The bright morning star

28 Do not be amazed at this, for the hour is coming when all who are in their graves will hear His voice 29 and come out — those who have done good to the resurrection of life, and those who have done evil to the resurrection of judgment (Jn 5:28-29).

As I've said on other occasions, when reading the Bible I think it's a good exercise to see it through the eye of a movie director. If you were filming the Bible, how would you envision these descriptions? Take the resurrection of the just. 

Here's one way I imagine the scene. Jesus returns in the Shekinah (Acts 1:9-11; Ezk 1:4-28). He hovers in the lower atmosphere. As the globe rotates, he appears over the horizon, like the morning star (Rev 22:16; 2:28; cf. Isa 14:12; Num 24:17). As light from the Cytherean Shekinah flashes across cemeteries, with graves facing east, towards the Christic morning star, bodies of the saints rematerialize in their tombs ("a rattling, and the bones came together, bone to its bone. And I looked, and behold, there were sinews on them, and flesh had come upon them, and skin had covered them," Ezk 37:7-8).
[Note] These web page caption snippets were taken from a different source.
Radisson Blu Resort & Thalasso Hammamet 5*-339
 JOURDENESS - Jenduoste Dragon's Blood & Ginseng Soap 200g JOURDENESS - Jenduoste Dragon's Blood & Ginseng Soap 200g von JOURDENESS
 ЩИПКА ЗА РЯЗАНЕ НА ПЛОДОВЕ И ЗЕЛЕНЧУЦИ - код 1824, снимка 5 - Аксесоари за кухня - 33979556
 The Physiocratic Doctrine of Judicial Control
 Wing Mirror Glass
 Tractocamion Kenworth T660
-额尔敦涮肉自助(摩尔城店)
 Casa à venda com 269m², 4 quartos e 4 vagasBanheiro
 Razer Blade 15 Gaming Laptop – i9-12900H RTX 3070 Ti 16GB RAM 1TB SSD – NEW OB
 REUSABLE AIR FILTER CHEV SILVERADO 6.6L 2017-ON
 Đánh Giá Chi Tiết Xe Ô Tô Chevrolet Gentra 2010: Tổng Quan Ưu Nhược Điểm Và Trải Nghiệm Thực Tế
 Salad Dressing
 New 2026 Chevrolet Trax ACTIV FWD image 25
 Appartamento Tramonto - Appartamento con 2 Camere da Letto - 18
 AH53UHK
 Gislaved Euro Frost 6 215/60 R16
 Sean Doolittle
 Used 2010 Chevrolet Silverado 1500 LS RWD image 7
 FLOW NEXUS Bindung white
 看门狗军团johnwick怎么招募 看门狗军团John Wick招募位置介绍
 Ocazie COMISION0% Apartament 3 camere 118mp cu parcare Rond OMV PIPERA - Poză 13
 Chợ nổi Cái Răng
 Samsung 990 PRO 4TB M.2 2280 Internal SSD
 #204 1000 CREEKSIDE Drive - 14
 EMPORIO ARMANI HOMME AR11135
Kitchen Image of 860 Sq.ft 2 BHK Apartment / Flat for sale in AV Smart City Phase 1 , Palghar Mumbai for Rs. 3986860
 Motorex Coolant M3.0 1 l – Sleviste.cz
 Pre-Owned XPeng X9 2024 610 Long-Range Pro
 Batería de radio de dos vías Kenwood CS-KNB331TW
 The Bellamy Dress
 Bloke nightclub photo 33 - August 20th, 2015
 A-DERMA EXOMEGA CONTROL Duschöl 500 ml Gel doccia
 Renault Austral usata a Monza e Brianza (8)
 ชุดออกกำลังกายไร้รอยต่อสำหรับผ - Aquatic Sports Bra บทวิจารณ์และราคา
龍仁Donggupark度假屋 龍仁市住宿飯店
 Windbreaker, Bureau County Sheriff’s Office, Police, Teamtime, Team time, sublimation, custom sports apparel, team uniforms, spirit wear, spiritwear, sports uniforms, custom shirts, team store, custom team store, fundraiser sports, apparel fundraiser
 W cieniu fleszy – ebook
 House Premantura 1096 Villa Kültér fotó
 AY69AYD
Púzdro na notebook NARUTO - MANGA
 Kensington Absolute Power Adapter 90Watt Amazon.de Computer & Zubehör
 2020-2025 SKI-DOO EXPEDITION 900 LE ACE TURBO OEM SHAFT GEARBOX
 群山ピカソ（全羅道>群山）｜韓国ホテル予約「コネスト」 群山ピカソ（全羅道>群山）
Their bodies are then reanimated as the Spirit reunites body and soul ("and the breath came into them," Ezk 37:10). Then tombs open and they emerge ("and they lived and stood on their feet," Ezk 37:10). 

While the Cytherean Shekinah repeatedly dawns over the rotating horizon, row after row of cemeteries, from east to west, in sidereal succession, will stir to life ("Your dead shall live; their bodies shall rise. You who dwell in the dust, awake and sing for joy! For your dew is a dew of light, and the earth will give birth to the dead," Isa 26:19). Those who sleep in the dust will awake (Dan 12:2)–in the twinkling of an eye (1 Cor 15:51-52). Myriads of recreated, rejuvenated saints, facing the Cytherean Shekinah, gazing at the Christic morning star. 

Of course, not everyone is formally buried. Scripture uses graves and graveyards as a synecdoche for the dead generally. Although some of the imagery might be figurative, the oracle in Jn 5:28-29 foreshadows Jesus raising Lazarus. That's a foretaste of an eschatological scene.